The Dremonas sisters are at the controls of Pete’s Fresh Market as it pursues an ambitious expansion that is taking it well beyond its urban roots.
It recently opened its 14th store, in a former Whole Foods Market in Wheaton, and has new stores coming to Glen Ellyn and Lemont this fall. Four additional stores — in Matteson, New Lenox, Oak Park and Oak Lawn — are slated to open over the next two to three years.
That pace is aggressive for an independent grocer competing with deep-pocketed chains like Albertsons-owned Jewel-Osco, Kroger-owned Mariano’s, Amazon-owned Whole Foods Market and fast-growing discounter Aldi.

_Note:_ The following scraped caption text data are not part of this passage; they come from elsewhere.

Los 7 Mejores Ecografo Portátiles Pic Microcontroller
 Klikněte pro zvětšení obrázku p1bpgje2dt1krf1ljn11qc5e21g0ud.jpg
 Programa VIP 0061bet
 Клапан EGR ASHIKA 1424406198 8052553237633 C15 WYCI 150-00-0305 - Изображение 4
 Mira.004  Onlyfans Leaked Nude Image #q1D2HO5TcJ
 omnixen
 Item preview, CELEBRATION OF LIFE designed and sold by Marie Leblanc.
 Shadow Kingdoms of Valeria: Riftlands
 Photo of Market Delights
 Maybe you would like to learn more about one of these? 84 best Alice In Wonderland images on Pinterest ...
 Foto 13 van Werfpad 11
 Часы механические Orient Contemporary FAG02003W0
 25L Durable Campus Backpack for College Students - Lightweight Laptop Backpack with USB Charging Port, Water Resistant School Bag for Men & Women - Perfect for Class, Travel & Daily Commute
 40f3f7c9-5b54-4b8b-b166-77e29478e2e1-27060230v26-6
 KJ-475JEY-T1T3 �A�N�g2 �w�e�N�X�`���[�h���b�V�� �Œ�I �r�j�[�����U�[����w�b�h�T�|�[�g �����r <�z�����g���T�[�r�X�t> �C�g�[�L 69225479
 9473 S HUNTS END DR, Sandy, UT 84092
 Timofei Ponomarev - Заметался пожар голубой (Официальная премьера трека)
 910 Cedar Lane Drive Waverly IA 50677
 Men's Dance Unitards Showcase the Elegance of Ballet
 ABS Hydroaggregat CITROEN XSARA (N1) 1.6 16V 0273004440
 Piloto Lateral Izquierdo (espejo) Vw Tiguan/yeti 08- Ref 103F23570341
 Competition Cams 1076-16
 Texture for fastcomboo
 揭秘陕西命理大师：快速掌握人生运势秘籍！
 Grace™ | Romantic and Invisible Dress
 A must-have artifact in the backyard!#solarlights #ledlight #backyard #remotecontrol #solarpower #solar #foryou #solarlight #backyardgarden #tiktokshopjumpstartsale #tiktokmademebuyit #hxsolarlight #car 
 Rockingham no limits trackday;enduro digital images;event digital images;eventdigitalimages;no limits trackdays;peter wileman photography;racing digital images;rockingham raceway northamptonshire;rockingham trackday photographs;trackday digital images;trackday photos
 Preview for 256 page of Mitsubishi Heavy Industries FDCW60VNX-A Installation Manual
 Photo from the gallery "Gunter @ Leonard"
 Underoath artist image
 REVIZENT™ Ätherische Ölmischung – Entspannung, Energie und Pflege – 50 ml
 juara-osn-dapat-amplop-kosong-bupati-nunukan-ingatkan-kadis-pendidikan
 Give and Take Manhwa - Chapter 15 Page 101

A private company, Pete’s does not disclose sales information.
And the suburban focus is a hard pivot for a company that started as a South Side produce stand in the 1970s and became known for operating high-quality stores in mostly black and Latino Chicago neighborhoods where other grocery stores are scarce.
But Stephanie Dremonas said she saw the potential to appeal to all sorts of customers when she joined her father’s company just a few months after it opened its ninth store, in Oakbrook Terrace, in 2012, which was its first store to cater to a mostly white and international community.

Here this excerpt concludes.